A. My first patient was a schizophrenic. After working with him, I wanted to understand how this terrible disease developed, how to stop it and to find better treatments. Right away, I began searching for new tests to assay brain activities. With the technology we had at that time, you couldn’t see brain differences easily. A lot of our information came from autopsies done on patients, but that was of limited use because you had nothing to compare it to.
But then, in the early 1970s, CT scans came along. They got pictures of the inside of a living patient’s brain. I recognized the potential immediately. The problem was convincing my colleagues. CT scans involved exposing patients to radiation. When I went to the human experimentation committee at my medical school, they went, “We don’t want you subjecting patients to radiation. Besides, you’re not going to find anything that way, anyway.” It took a long time to convince them.
Q. TODAY, IMAGING STUDIES ARE ONE OF THE MAINSTAYS OF NEUROSCIENCE. WHEN DID ATTITUDES CHANGE?
A. In the early 1980s, when magnetic resonance imaging came on line. M.R.I.’s did not expose patients to radiation, and you could see brain structures in exquisite detail. I decided to use it for a longitudinal study of brain changes over a long period of time. We’re asking: Is schizophrenia a neurodegenerative disease like Alzheimer’s?
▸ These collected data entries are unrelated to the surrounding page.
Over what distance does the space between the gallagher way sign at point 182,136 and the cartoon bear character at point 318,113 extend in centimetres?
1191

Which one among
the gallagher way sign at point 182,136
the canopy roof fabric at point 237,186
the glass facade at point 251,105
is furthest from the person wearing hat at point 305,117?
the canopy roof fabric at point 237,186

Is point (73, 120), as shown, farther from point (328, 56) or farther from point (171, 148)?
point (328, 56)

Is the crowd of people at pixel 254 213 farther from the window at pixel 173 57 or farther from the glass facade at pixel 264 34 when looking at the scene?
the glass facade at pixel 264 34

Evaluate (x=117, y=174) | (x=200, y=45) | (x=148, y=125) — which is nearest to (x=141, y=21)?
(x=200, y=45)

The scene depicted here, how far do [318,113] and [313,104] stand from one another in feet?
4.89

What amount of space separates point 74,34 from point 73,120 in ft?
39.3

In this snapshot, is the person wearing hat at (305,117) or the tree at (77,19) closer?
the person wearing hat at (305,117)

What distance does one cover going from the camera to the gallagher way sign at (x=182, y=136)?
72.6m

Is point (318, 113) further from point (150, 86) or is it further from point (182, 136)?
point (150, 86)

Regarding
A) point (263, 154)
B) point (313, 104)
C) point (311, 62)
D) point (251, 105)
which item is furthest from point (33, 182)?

In 1989, I began to collect subjects — some with schizophrenia and some not — and began taking pictures of their brains. With the schizophrenics, we began seeing them at the first onset of their disease, which is usually at around age 24. We recruited about 538 people with schizophrenia. Eighteen years later, we’re still following 305.
Q. AND WHAT HAVE YOU FOUND?
A. I haven’t published this yet. But I have spoken about it in public lectures. The big finding is that people with schizophrenia are losing brain tissue at a more rapid rate than healthy people of comparable age. Some are losing as much as 1 percent per year. That’s an awful lot over an 18-year period. And then we’re trying to figure out why. Another thing we’ve discovered is that the more drugs you’ve been given, the more brain tissue you lose.
Q. WHY DO YOU THINK THIS IS HAPPENING?
A. Well, what exactly do these drugs do? They block basal ganglia activity. The prefrontal cortex doesn’t get the input it needs and is being shut down by drugs. That reduces the psychotic symptoms. It also causes the prefrontal cortex to slowly atrophy.
If I were developing new drugs, I’d switch targets. Till now it’s been chemically formulated targets. I believe we should be thinking more anatomically and asking, “With schizophrenics, which brain regions are functioning abnormally?”
Q. ARE YOU WORRIED YOUR FINDINGS MIGHT BE MISUSED?
A. The reason I sat on these findings for a couple of years was that I just wanted to be absolutely sure it was true. My biggest fear is that people who need the drugs will stop taking them.
Q. WHAT ARE THE POLICY IMPLICATIONS OF THIS FINDING?
A. Implication 1: that these drugs have to be used at the lowest possible dose, which often doesn’t happen now. There’s huge economic pressure to medicate patients very rapidly and to get them out of the hospital right away. Implication 2: we need to find other drugs that work on other systems and parts of the brain. Implication 3: whatever medications we use need to be combined with more nonmedication-oriented treatments, like cognitive or social therapies.
Q. IN YOUR LONGITUDINAL STUDY, ARE YOU ALSO LOOKING AT HOW THE NORMAL BRAIN AGES?
A. Yes. I’ve been asking, “At what point is human brain maturation complete and at what point do our brains naturally decline and lose tissue?” The answer is: the human brain continues to mature till about 25. At about 25, it plateaus for about 20 years, and at about 45, we start to lose brain tissue.
But it’s interesting: we lose brain tissue, but we don’t necessarily lose cognitive capacities. A lot of people at 50, 60, 70 or 80 are quite sharp. I can quantify their brain tissue and see they’ve lost quite a bit from what would be normal for a 45-year-old, but their cognitive abilities are not at all impaired.